Adios, Maria

Last week's stunning announcement that California First Lady (no, not Ryan Seacrest) Maria Shriver would leave her position at NBC Dateline to concentrate on her official state duties sent shockwaves through American journalism with all the force of a truck rigged to explode on contact.

In newsrooms everywhere, reporters asked why their editors were such dickweeds, then asked if anyone had checked out the new receptionist and then asked who would take up Shriver's mantle and tell the nation about Czech sex slaves and Hollywood studio executives' wives unhappy with their Botox treatments.

Shriver said she came to the decision after it was obvious that being the governor's wife would mean her “journalistic integrity and that of NBC News will be constantly scrutinized”—which she apparently couldn't bear given that the last time NBC News came under scrutiny, people found out that Dateline had rigged trucks to explode on contact. Wasn't this apparent conflict of interest a problem during the campaign? Shriver doesn't say, despite the fact there was almost universal agreement among media critics that she really should eat something, even if it was only a piece of fruit.

Not that her reporting couldn't stand up to scrutiny. In the spring of 2000, while other reporters obsessed over the presidential campaign, only Shriver had the guts to take on the Czech sex industry, telling the story of Katya, who told Shriver she was forced to have sex with “around seven, eight, sometimes 11” men a night, to which Shriver, in a Murrow-McCarthy-esque moment of clarity, fired back:

“Did you ever say, 'Wait a minute, this is a big mistake. I don't want to do this'?”

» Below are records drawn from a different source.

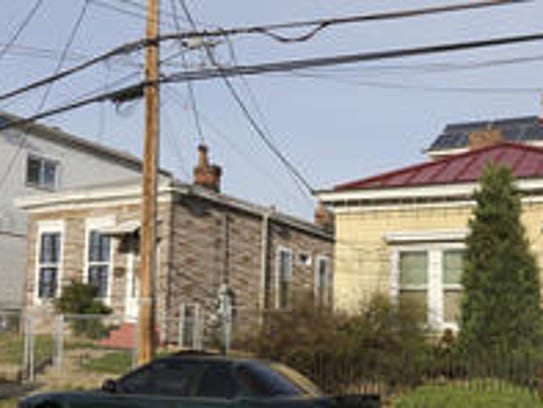 Mark Frazar's yellow Clifton home is shown at right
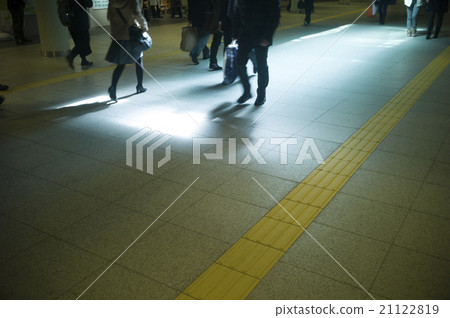 People walking underground walking space 21122819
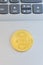 Bitcoin on a laptop. Bitcoin coin symbol on laptop, future concept financial currency, crypto currency sign. vertical photo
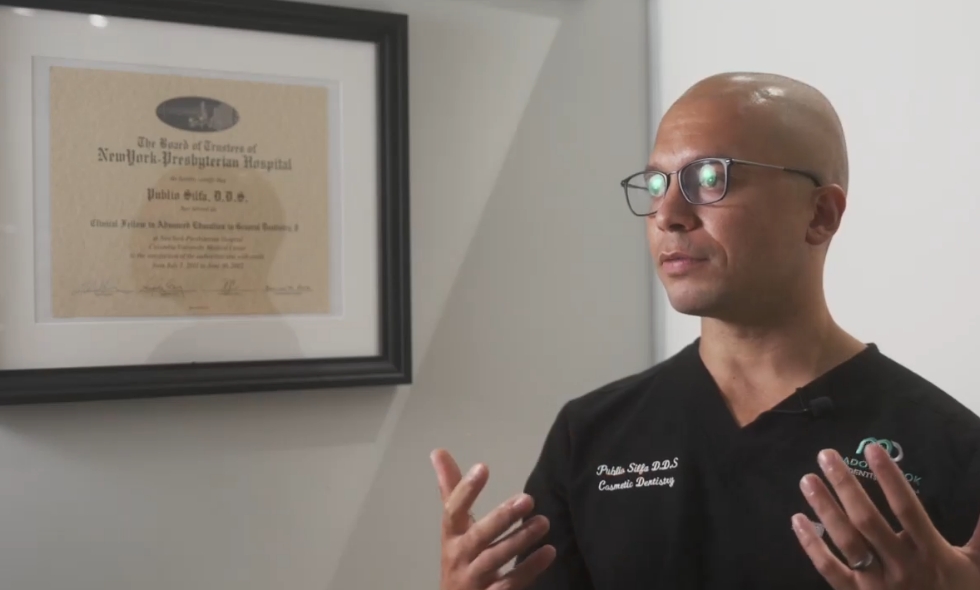 Doctor Silfa talking with framed diploma on wall in background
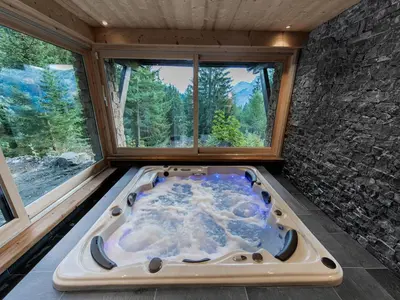 a hot tub in a room with a window at Chalet cosy avec jacuzzi, billard, wifi et animaux admis pour 8 personnes - FR-1-836-32 in Arâches-la-Frasse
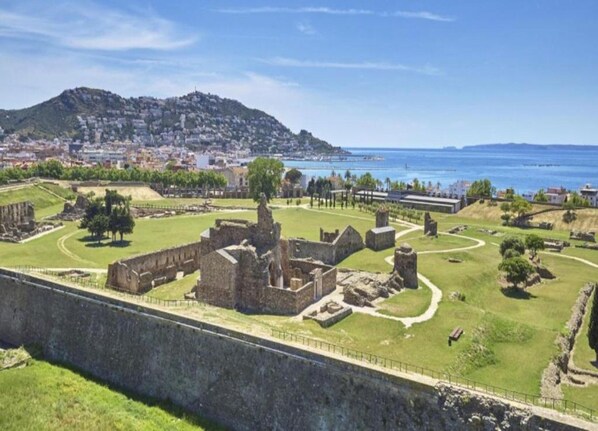 Une forteresse antique, avec des ruines, un mur d’enceinte et une vue sur une ville côtière et la mer.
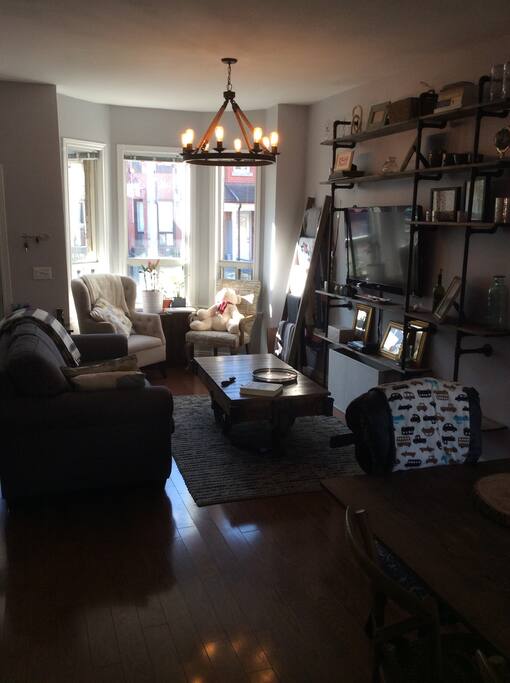 Living room with full couch and 2 large chairs.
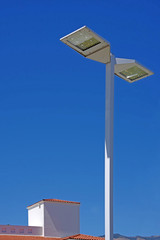 street flood light on blue sky with a part of an office building in the background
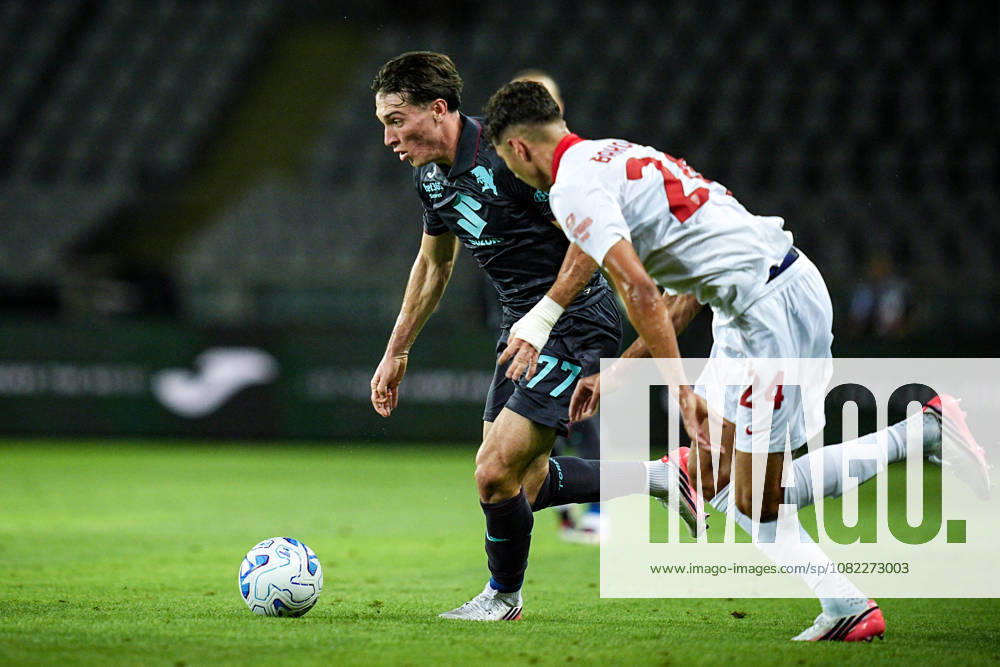MonzaÕs Adam Bakoune fights for the ball with <y77< during Frecciarossa Italian Cup 2026 2027 soccer match between Torino and Monza at the at the Stadio Olimpico Grande Torino in Turin, north west Italy - Tuesday, September 01, 2026. - Soccer .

Problem solved. As was the rampant problem of girl knife fights at parties. It was Shriver who brought to the nation's attention the emerging problem of high school kids going to parties. As she told a stunned—more than usual—Phil Donahue:

“These kinds of parties are going on all over the country, with good families, nice neighborhoods, kids all coming together. They find out about a party . . . and next thing you know, they're at a party at a house that they don't even know who the host is. There's no chaperones. There's liquor. And you know, the fact is that kids do come to these parties today. Some come with knives.”

But perhaps her greatest success has been in casting a light on the plight of the very rich and privileged, whether it's fellow dwindler Celine Dion or Irena Medavoy, wife of producer/former studio chief Mike Medavoy. In an hourlong report, Medavoy recounted for Shriver her experiences using Botox—specifically her disappointment that having botulism injected directly into her head was not the panacea she assumed it would be. Shriver astutely played up Medavoy's torment with heartbreaking visuals of her cutting flowers on her estate and playing board games in her zeppelin hangar of a bedroom.

With last week's announcement, though, one has to wonder: Who will do the stories of rich women who can't have everything they want? Indeed, Shriver is one now. So, for now, or at least until her husband is the subject of an Internet sex tape, she will have to be content with answering other reporters' questions about groping and Nazis. We can only hope that lunch is served.